Anak anak mengambil secarik kertas dari tas mereka masing masing. Merekapun mulai berfikir. Tak jauh dari sana, tepatnya di balik semak ternyata ad seorang anak yang mengintip mereka. Secara kebetulan Pak Guru melihat,kemudian mendatanginya dengan membawa secarik kertas dan pensil.

“Nak saya tahu kamu dari tadi melihat kami.” sang anak pun kaget.

“Tidak usah takut,bapak tidak akan memarahimu.”

“Nama saya pak Roni,nama kamu siapa?”

“Ama aya Ait” (nama saya Adit)

Pak guru kaget,tapi kemudian tersenyum

“Ini saya beri kamu kertas dan pensil,kamu juga boleh membuat puisi.” Pak Guru pun meninggalkan adit dan kembali ke tempat anak anak tadi.

Karena ia sangat bersemangat untuk belajar, Adit pun mulai berfikir,berimajinasi. Tiba-tiba ia berada di sebuah ruangan yang semua berwarna putih,tidak ada warna lain selain warna putih di ruangan itu. Tidak ada sudut, tidak ada bayangan, yang ada hanyalah putih.

Tanpa sadar ia membayangkan seluruh perjuangan para pahlawan, ia melihat darah dan kemudian tersadar dari imajinasinya. Adit menancapkan pensil yang di beri oleh Pak Guru ke telunjuknya, keluarlah darah dari telunjuknya yang kemudian ia oleskan ke permukaan kertas.

Tak lama setelah itu Pak Guru memerintahkan anak anak beserta Adit untuk membacakan apa yang mereka tulis pada kertas yang Pak Guru berikan tadi. Di panggilah Adit oleh Pak Guru dan di perintahkan untuk bergabung dengan anak anak lainya membentuk sebuah lingkaran tadi. Satu persatu membacakan pusi yang mereka tulis. Kemudian tibalah pada giliran Adit.

Dengan nada suara yang tegas Pak Guru bertanya kepada Adit,

“Adit, apa yang kamu tulis pada kertas yang saya berikan tadi?”

Adit diam saja, tidak menjawab pertanyaan Pak Guru.

“Adit,apa apa yang kamu tulis pada kertas itu?” Pak Guru bertanya untuk yang ke dua kalinya.

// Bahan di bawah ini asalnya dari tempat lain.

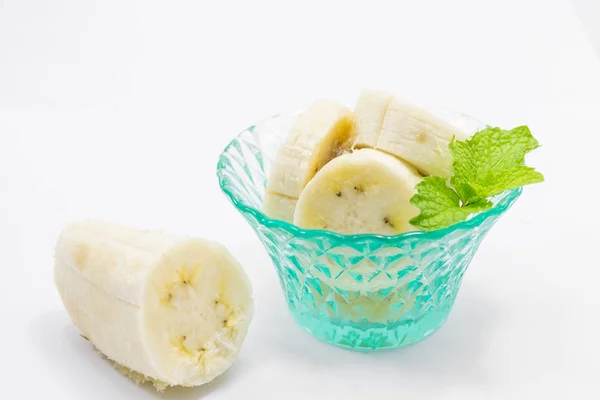 Banán egy csésze borsmenta — Stock Fotó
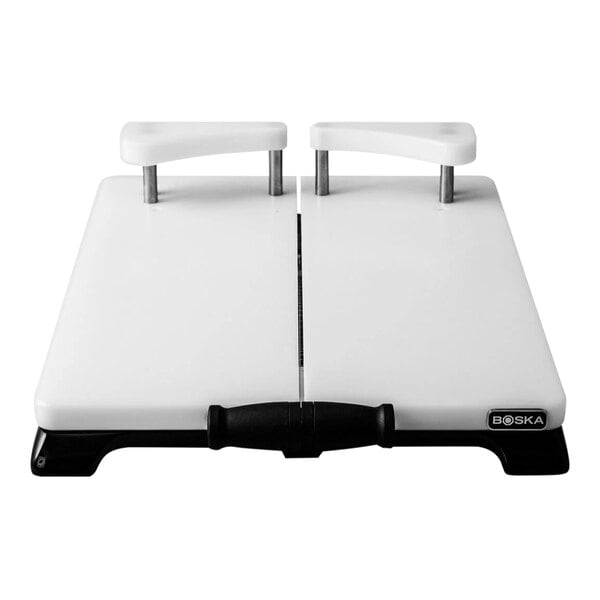 A white rectangular cheese slicer with black handles.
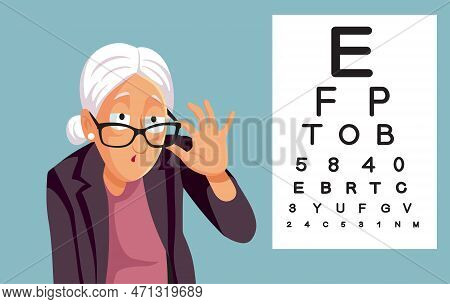 Elderly Patient Suffering From Eye Problem Checking A Snellen Chart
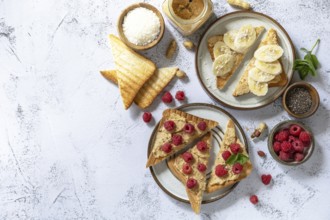 Sweet dessert sandwich breakfast. Tasty toasted with peanut butter, banana and raspberry on a gray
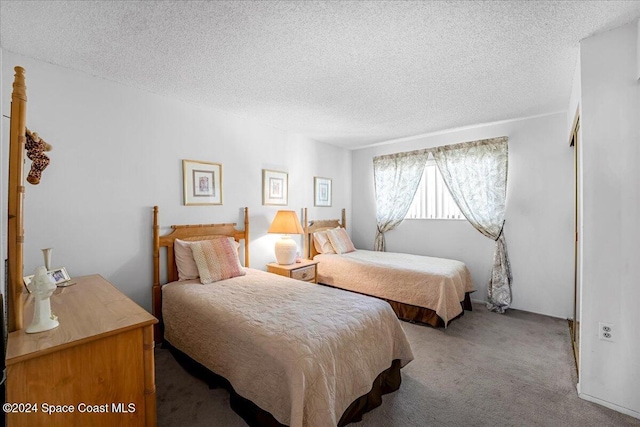 bedroom featuring carpet floors and a textured ceiling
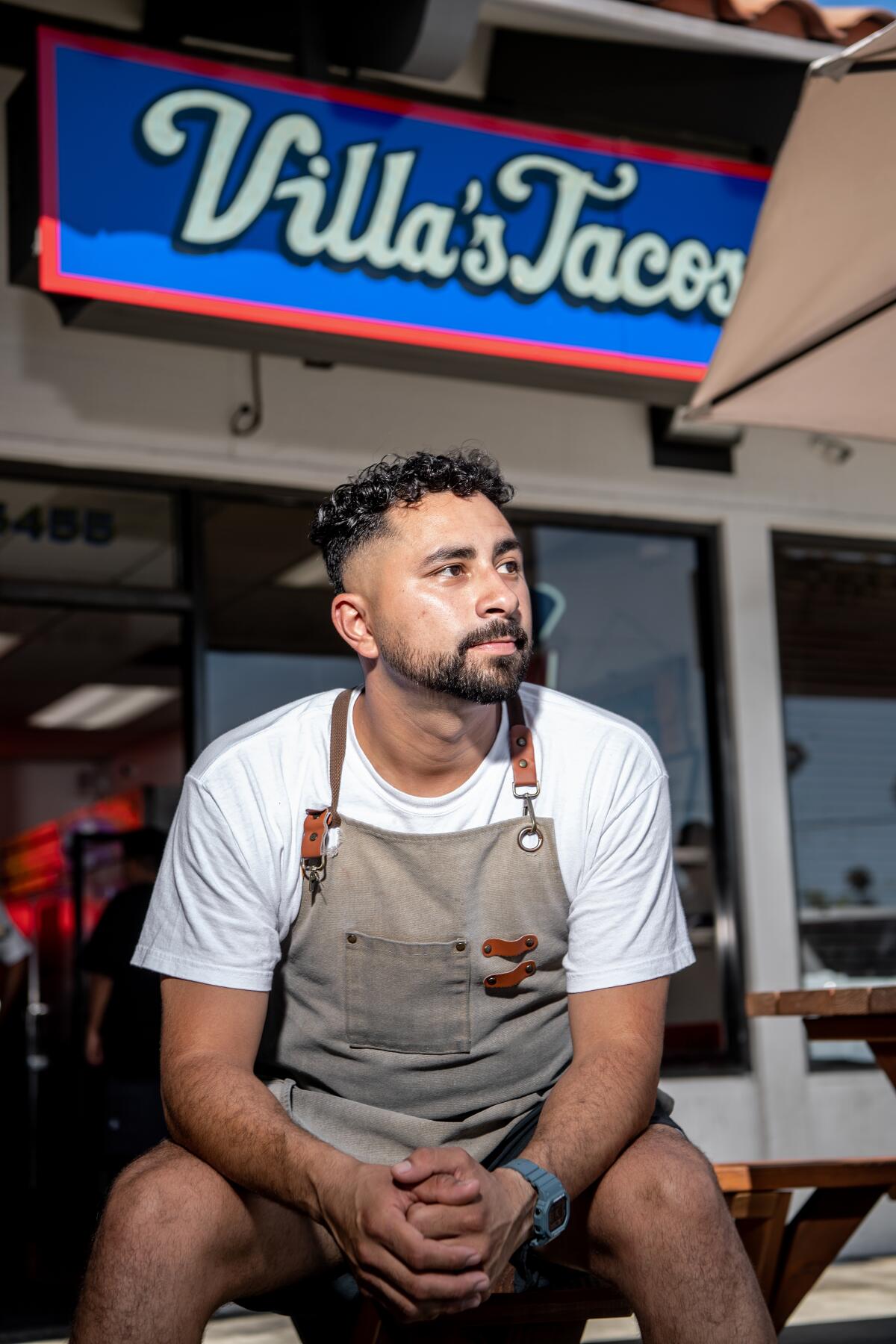 Victor Villa, owner of Villa's Tacos, sits outside of his Highland Park restaurant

Adit pun kemudian memperlihatkan apa yang ada di kertasnya. Ternyata kertas itu berisi sebuah gambar, yaitu gambar bendera merah putih yang ia gambar dengan darahnya tadi dan kemudian ia pun berkata,”Aya angga enyadi angsa Inonesia”.  Sontak Pak Guru kaget dan bertepuk tangan diikuti oleh ke enam muridnya.

Sebagai penerus bangsa, sudah seharusnya kita bangga terhadap bangsa kita sendiri, lanjutkan perjuangan para pahlawan dengan menjalani hidup kita dengan sebaik mungkin. Bapak harap kalian semua dapat mencontoh sikap adit yang rela mengucurkan darahnya untuk apa yang ia ingin lakukan.